NASA Beams The Mona Lisa To The Moon

| Sat, 01/19/2013 - 07:13
monalisa

NASA scientists have beamed an image of the ‘Mona Lisa’ nearly 240,000 miles to a spacecraft at the moon, making a major breakthrough in laser communication.

The success of the experiment would no doubt would have made Leonardo Da Vinci, the creator of the ‘Mona Lisa’ proud, given the artist was also a renowned scientist and inventor. Maybe it would even have given the portrait’s enigmatic sitter something to smile about.

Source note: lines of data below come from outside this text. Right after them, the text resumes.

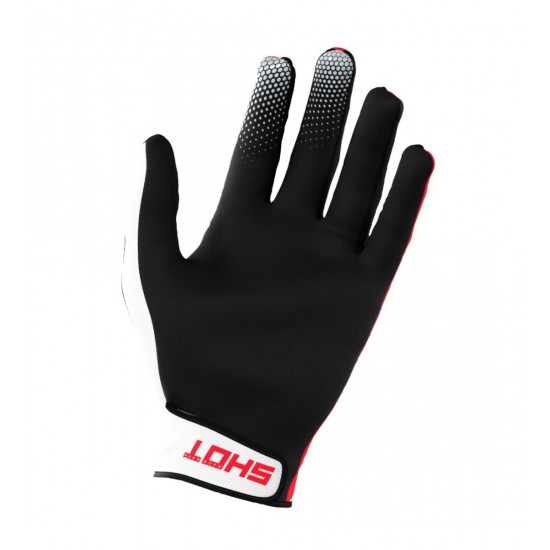 SHOT ROKAVICE ROGUE REVOLT 2.0 ZA ODRASLE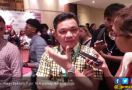 TKN Jokowi: Tidak Ada Bukti Saksi Kubu Prabowo Diancam - JPNN.com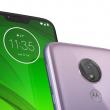 Motorola anunță noi smartphone-uri mid-range: Moto G7, Moto G7 Plus, Moto G7 Power și Moto G7 Play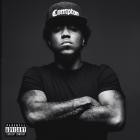 Problem - - Understand Me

The exercise is part of the first demonstration of laser communication with a satellite at the moon. The iconic image was beamed from the Next Generation Satellite Laser Ranging station at NASA’s Goddard Space Flight Center in Greenbelt, Maryland in the USA. It arrived at the Lunar Orbiter Laser Altimeter (LOLA) instrument on the Lunar Reconnaissance Orbiter (LRO) spacecraft, which is orbiting the moon.

By transmitting the image piggyback on laser pulses that are routinely sent to track the spacecraft’s position, the team achieved simultaneous laser communication and tracking. “This is the first time anyone has achieved one-way laser communication at planetary distances,” said David Smith of the Massachusetts Institute of Technology. “In the near future, this type of simple laser communication might serve as a backup for the radio communication that satellites use. In the more distant future, it may allow communication at higher data rates than present radio links can provide.”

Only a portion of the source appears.